Abruptly it was over. The monks had taken no notice of us, but I'd seen one or two of the younger ones furtively glancing our way. They all stood up, bowed slightly toward us and filed out. We sat alone in the temple, and talked about some of the things in front of us, trying to guess their meaning. We walked around the inside of the temple once more, stopping at a little shrine with about 5 primitive muddy looking doll-like images. The multi-slotted money box that we were to see at every shrine and temple in Japan beckoned hungrily. At this shrine you dusted off one of the images, and made an offering, and you got blessed or something.

Before we left, the abbot and his monks filed past us again and went to the porch to say some mantras out there, at least that's what it looked like, but then it turned into something like a staff meeting at the beginning of the day, "Who's gonna do what today?" sort of thing. By the time we exited the temple and got our sandals, the monks had disappeared. Through a screen I saw a woman kneeling in a side shrine, quietly. We re-entered "the world of the real" with our feet re-shod, and I bought a prayer stick and a bundle of incense as a souvenir for 200 yen. A real bargain, I thought, until I got a box of five bundles of incense for 100 yen a few days later at the 100 yen store!

We hiked up some stairs and onto some gravelly paths into the great cemetery on Yagoto Hill.

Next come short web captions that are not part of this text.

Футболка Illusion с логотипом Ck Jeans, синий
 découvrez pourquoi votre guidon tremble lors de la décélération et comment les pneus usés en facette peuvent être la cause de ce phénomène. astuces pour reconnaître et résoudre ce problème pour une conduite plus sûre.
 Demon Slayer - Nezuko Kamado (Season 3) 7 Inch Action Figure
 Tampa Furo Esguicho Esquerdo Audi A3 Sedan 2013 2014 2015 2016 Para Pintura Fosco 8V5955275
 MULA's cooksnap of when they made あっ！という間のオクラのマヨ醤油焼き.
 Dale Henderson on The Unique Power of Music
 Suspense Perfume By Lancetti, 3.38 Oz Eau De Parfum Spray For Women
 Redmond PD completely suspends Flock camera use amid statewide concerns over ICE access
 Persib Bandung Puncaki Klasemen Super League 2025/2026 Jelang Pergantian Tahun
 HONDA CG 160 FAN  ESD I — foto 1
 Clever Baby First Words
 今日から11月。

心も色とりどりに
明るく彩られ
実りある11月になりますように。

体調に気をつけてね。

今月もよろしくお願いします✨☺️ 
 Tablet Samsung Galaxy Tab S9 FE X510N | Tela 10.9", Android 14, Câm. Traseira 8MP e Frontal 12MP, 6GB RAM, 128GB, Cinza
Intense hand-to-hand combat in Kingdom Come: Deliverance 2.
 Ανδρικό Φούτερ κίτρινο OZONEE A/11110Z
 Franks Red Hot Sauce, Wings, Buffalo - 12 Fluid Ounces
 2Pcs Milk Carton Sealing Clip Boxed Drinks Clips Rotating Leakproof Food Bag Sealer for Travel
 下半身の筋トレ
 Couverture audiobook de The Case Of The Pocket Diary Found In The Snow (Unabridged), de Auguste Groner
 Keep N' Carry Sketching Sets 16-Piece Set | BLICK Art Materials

It didn't take long for Taka to find Yoko's grave. It's a new monument, and beautifully carved in deep calligraphy with the Imayama family name. We read the inscription for Yoko on the back of the monument. I can at least read Japanese dates, which are expressed not in A.D. years, but in the regnal years of the emperor. Yoko was born in Showa 6 (1931) I think, and she passed away in Heisei 16 (2004). If I've made a mistake, I'll correct it later.

Taka had brought some incense, and he lit the bundles and placed them in the incense urn. I didn't think they would burn, but they did. "If the smoke goes straight up," Taka explained, "the soul is happy." The smoke rose pretty straight. Taka smiled. He dusted off the monument, and we all just paused there. Brock and I paid our respects, and silently prayed. It was a connecting moment. Then we withdrew, did a bit more sight-seeing on the temple grounds, and walked back to the car.

As we taxied down the runway… I mean as we got back on the highway… we started thinking about what was next on our morning agenda. Nagoya Castle. But first, time for Mister Donut!